De la forêt primaire aux poteries « ACAB style »

Xavier Jullien, 2015

Les œuvres de Suzanne Husky témoignent de sa pratique du documentaire, sans jamais se départir d’un regard empreint de sociologie. Elle observe les inclinaisons de son époque, ses marges et opère par juxtapositions, glissements, mises en relation de données liées à une actualité. Cette approche se teinte d’une poétique et d’un humour qui empruntent aux codes de la résistance organisée face au flux de la mondialisation - voire de la désobéissance civile, héritée de Henri David Thoreau, exilé volontaire et ermite de la révolution industrielle.
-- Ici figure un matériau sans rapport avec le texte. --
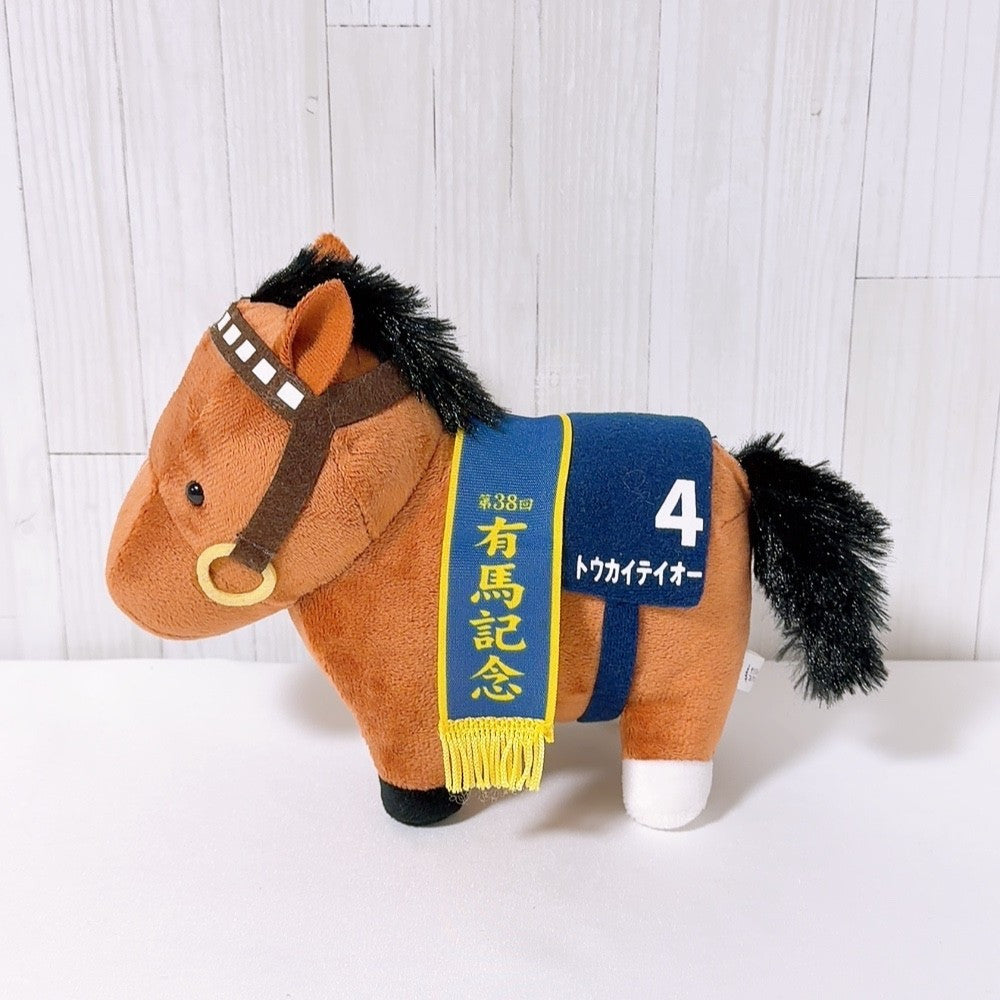 Tokai Teio Plush - Thoroughbred Collection Arima Kinen Version (20 cm) - image 2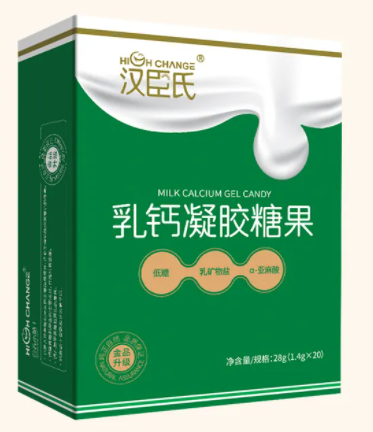 汉臣氏乳钙怎么样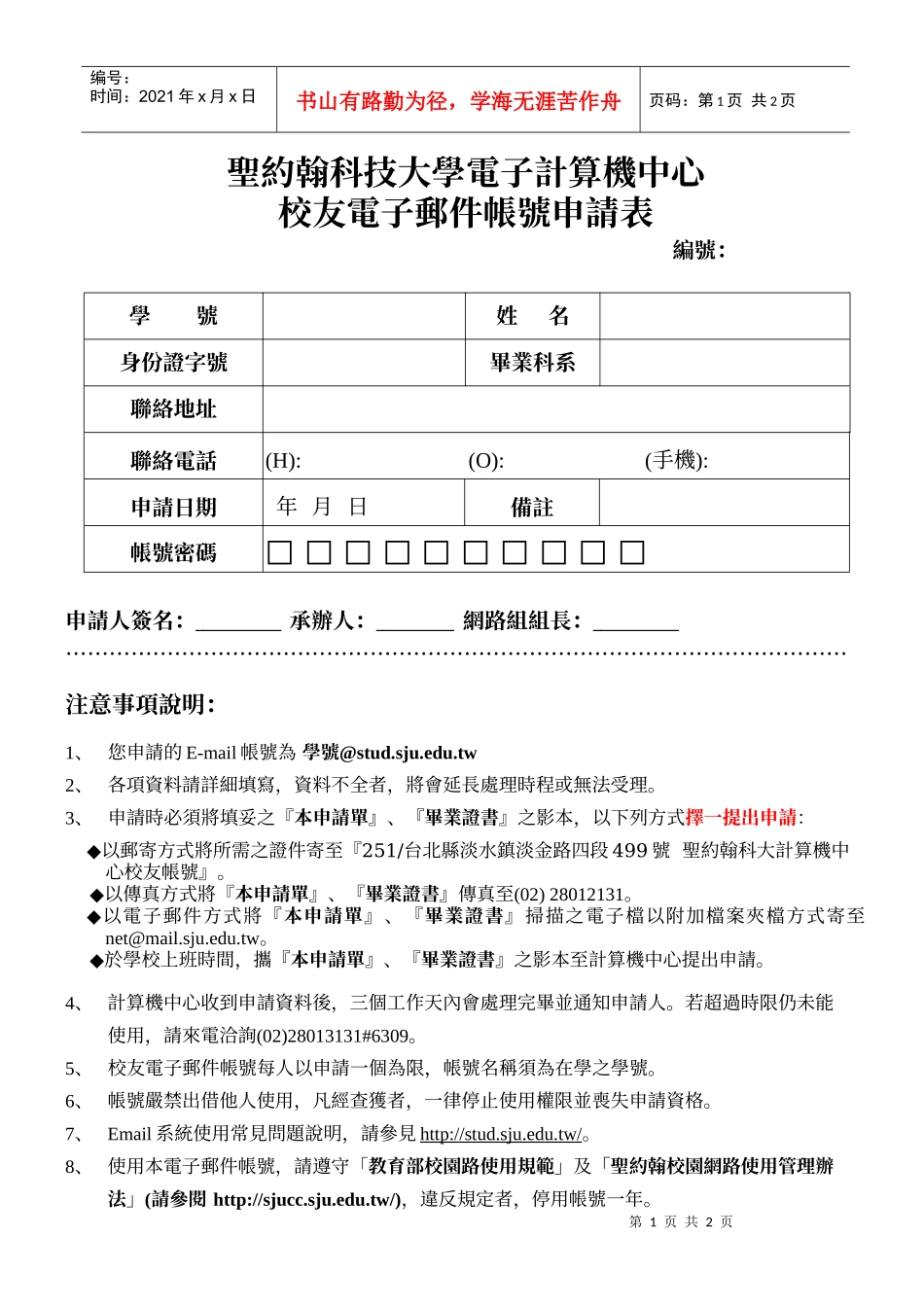 圣约翰科技大学电子计算机中心_第1页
Ainsi, on voit des fleurs côtoyer des casques de CRS à la surface de ses céramiques, présentées pour la première fois à la Halle et qu’elle a intitulée « ACAB style », ACAB étant l’acronyme qu’on trouve parfois tagué sur les murs : « All the Cops Are Bastards » (« Tous les flics sont des salauds »).

Ces vases chatoyants (ou au contraire inspirés de la bichromie des décors à figures rouges de la Grèce classique), reprennent des motifs décoratifs traditionnels. Mais en regardant de plus près, on découvre vite des policiers postés, des fourgons « paniers à salade », et même un blindé qui émerge entre les tiges de pensées géantes. Quelques militaires armés de fusils d’assaut patrouillent au milieu de naturistes, près de CRS rassemblés derrière leurs boucliers de plexiglass. On en voit d’autres au cours d’une charge : certains émergent de bosquets touffus, munis de masques à gaz. Un autre matraque une personne étendue au sol. Parfois les décors ont deux faces opposées : manifestants d’un côté, forces de l’ordre de l’autre… deux pôles aux protections et moyens d’action inégaux.

Que ce soit en représentant les manifestations des Black lives matter La vie des Noirs compte », mouvement contre les violences policières à caractère raciste aux Etats-Unis, débuté en 2013 suite à l’assassinat de Trayvon Martin), ou la zone à défendre (ZAD) contre le barrage de Sivens, où Rémi Fraisse a été tué l’an dernier : Suzanne Husky tire ses motifs directement de son expérience militante et de la presse, en France et aux Etats-Unis.Suzanne Husky s’est également inspirée des « poteries révolutionnaires » d’après 1789. Produites par les artisans de l’époque qui ne recevaient plus de commandes, elles représentaient l’actualité sur ce support à la fois fragile et pérenne qu’est la céramique.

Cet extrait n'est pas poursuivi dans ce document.